When the term Operation Task is used in the context of an AV solution, it generally refers to something such as kicking off a non-scheduled quick or full scan, or perhaps forcing an out-of-band definition update. These are things you would likely be doing in response to malware detection or a malware outbreak.
Having a solid understanding of how these tasks can be accomplished within SCEP will help you to respond quickly to a developing situation.
This recipe has been written in accordance with a scenario in which an administrator is responding to a malware detection alert on a specific PC. For the purposes of this scenario, it is assumed that the administrator's corporate security policy dictates that any PC that has a malware detection alert has to receive an out-of-band definition update and must run a full scan.
To complete this recipe, you will need to be using an account that has at least the SCEP administrator role granted to it.
Follow these steps:
- Log into your SCCM CAS server and launch the SCCM 2012 management console.
- Type the name of the client system that you wish to target into the search bar and press Enter.

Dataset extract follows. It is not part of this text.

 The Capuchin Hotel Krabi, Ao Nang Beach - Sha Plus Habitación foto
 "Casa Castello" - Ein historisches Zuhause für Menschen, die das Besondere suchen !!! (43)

- The target system should now be the only one in the list, as shown in the following screenshot:
- To review this PC's individual malware history, first select the PC from the list, and then click on Malware Detail at the bottom of the interface, as shown in the following screenshot:
- To force an unscheduled definition update on this client, right-click on the PC name in the center of the interface. Select Endpoint Protection, and then left-click on Download Definition. Click on OK on the information pop-up window to complete this step, as shown in the following screenshot:
- It's usually a good idea to wait for about 10 minutes after sending the download definition command before proceeding to the next step. This will allow for the target client to download the new definition file before you kick off a scan.
- To force a full scan, right-click again on the PC's name, select Endpoint Protection, and then left-click on Full Scan. Click on OK on the information pop-up window to complete the task.
As you can see from this recipe, SCEP's integration with the right-click menu in SCCM 2012 makes most operational tasks a snap to complete. Typically, the hardest part of the procedure is finding the target system in a list of potentially thousands of workstations and servers.
This is mitigated by the built-in search function of the SCCM console; by going to the All Systems collection and searching there, you are guaranteed to find any machine on your network that has an SCCM client. In a large corporate network with tens of thousands of systems, searching the All Systems collection can take a while to return results. If you are certain that the PC you are looking for is a member of smaller sub-collection, it may be less time-consuming to search against the smaller collection.
It's also worth mentioning that the definition source your clients will go to for a new definition is defined in their SCEP policy. For example, if your SCEP policy listed WSUS as the first definition source, then a client that receives the definition update command will go to WSUS for a new definition. Meaning, if WSUS does not have a newer SCEP definition than the client has, nothing will happen. If you are dealing with an outbreak and want clients to have the absolute newest definitions, it is a good idea to perform a manual synchronization of your definition update sources beforehand.
Pushing tasks to multiple systems:
But wait, what if you're getting malware hits from multiple PCs all at the same time and you want all of them to run a full scan with the latest definitions? Well, you're in luck, except for the part where multiple machines on your network are detecting malware; you can select multiple machines in a collection at the same time by using the Shift key, then right-click, and push a SCEP task to all of them at the same time.
A word of caution though, it's probably not a good idea to select a huge number of PCs at the same time to do this. Selecting every computer in the All Systems collection and telling them all to do a full scan would probably result in a Resume Generating Event (RGE), as it would likely bring your network to a screeching halt.
If you are dealing with a major virus outbreak and you want every computer on your network to do a full scan for peace of mind, it's probably a better idea to modify existing SCEP policies to perform a full scan in the near future, rather than waiting for normally scheduled scan time to come around. It takes a little while for policy changes to replicate, but the full scans will run, in a smoother staggered fashion.